If Apple Made A Games Console…

It’s a joy to use, it has transformed a genre, oh, and it’s white. If Apple made a games console, it would be a lot like the Wii…

We finally took the plunge at Christmas. Following some not-so-subtle promptings from my eight-year-old son, we have become Wii.

Like most parents, I am deeply ambivalent about computer games. Of course I recognise the creative achievement and the skill involved, I just don’t want my son to be stuck in front of them all the time. But the Wii is very different.

For a start, the whole experience is far more sociable. Over the holidays, three generations of our family gleefully got involved, whacking imaginary tennis balls and navigating diminutive Italian plumbers and their friends around go-kart tracks. I’m not sure I buy into the fitness aspect of the Wii (surely, real-world exercise is still the better option?) but no other games console seems to generate the same feelings of well-being.

The white console and accessories bear an obvious cosmetic similarity to Apple products, but the comparisons don’t end there.

The Wii has transformed a sector in the same way that the iPod and the iPhone have done.
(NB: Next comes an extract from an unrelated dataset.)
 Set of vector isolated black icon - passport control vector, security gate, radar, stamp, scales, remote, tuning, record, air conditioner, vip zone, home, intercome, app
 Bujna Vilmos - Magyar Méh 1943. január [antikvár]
Like those products, it was not the first but it is, if you’ll excuse the pun, game-changing. The underlying essentials of the Wii may not be all that different to a PlayStation or an XBox (if you choose to, you can play games in very much the same way as you would on its rivals) but, thanks to its design, the overall experience is, for me at least, far more rewarding – as it is on an iPod compared to any other MP3 player, likewise the iPhone versus other handsets. Just like Apple’s products, there are aspects of the Wii, I’m sure, that are technically inferior to its competitors, but that’s not the point. It’s the fact that it’s such a joy to use that sets it apart.
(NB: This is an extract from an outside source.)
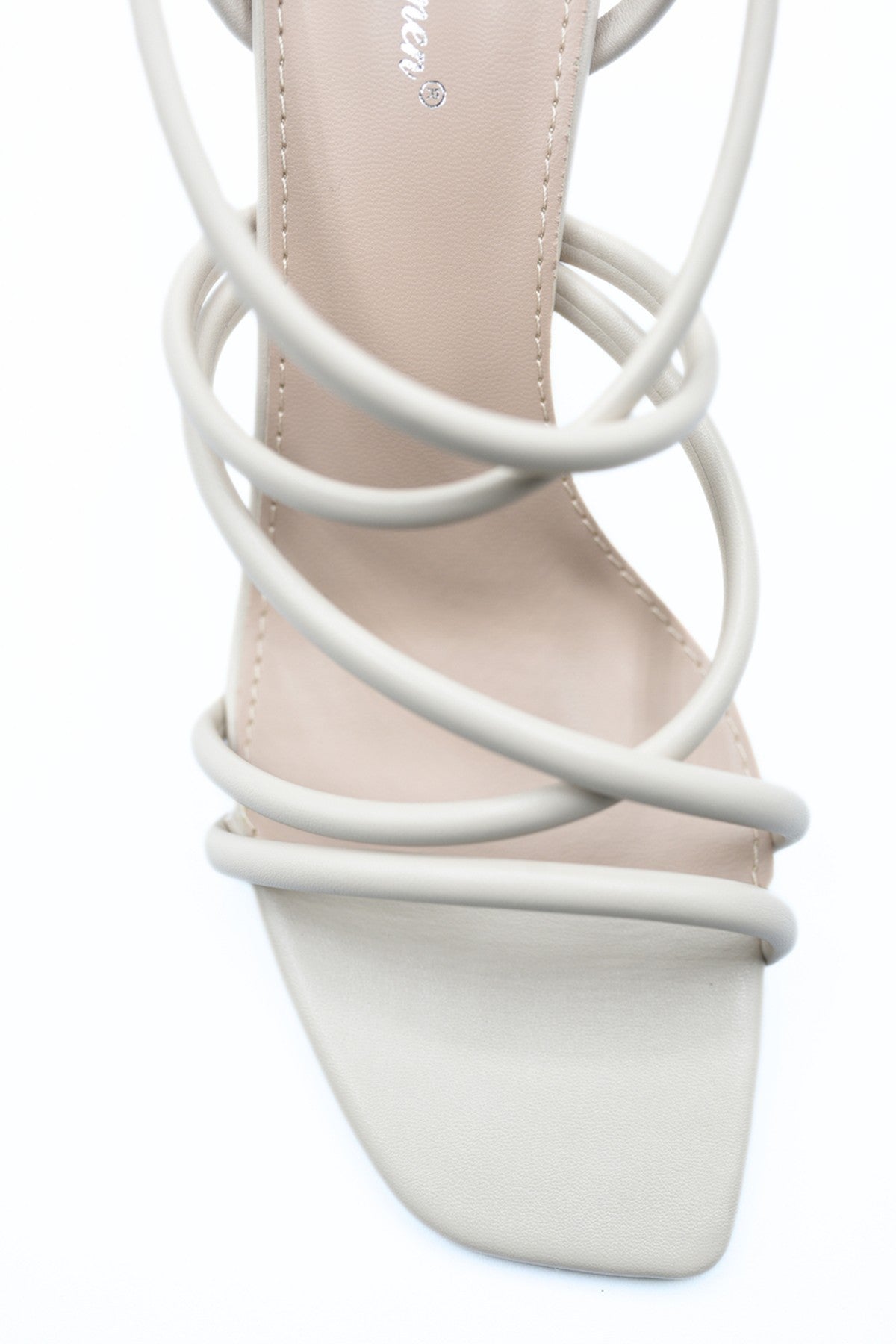 Linda Strappy Buckle Block High Heels - Beige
And for the original iPod’s wheel or the iPhone’s touch-screen, read the Wii’s hand-controller – a genuine break­through product. It taps into something that interaction designers have known for a long time: even in a digital world, the physical is still important to us. Take the technology behind the Oyster cards that are used on London Transport, for example. I am assured by those more technically-minded than I that it is entirely possible to engineer such a system so that the cards work without having to actually touch them on a reader. However, the designers felt that travellers would want the reassurance of having to carry out this action and receive feedback to assure them that their card had been accepted. Likewise, the physical actions involved in using the Wii make it a much more natural, engaging experience for us (despite the dangers of collateral damage and the initial slippage problems).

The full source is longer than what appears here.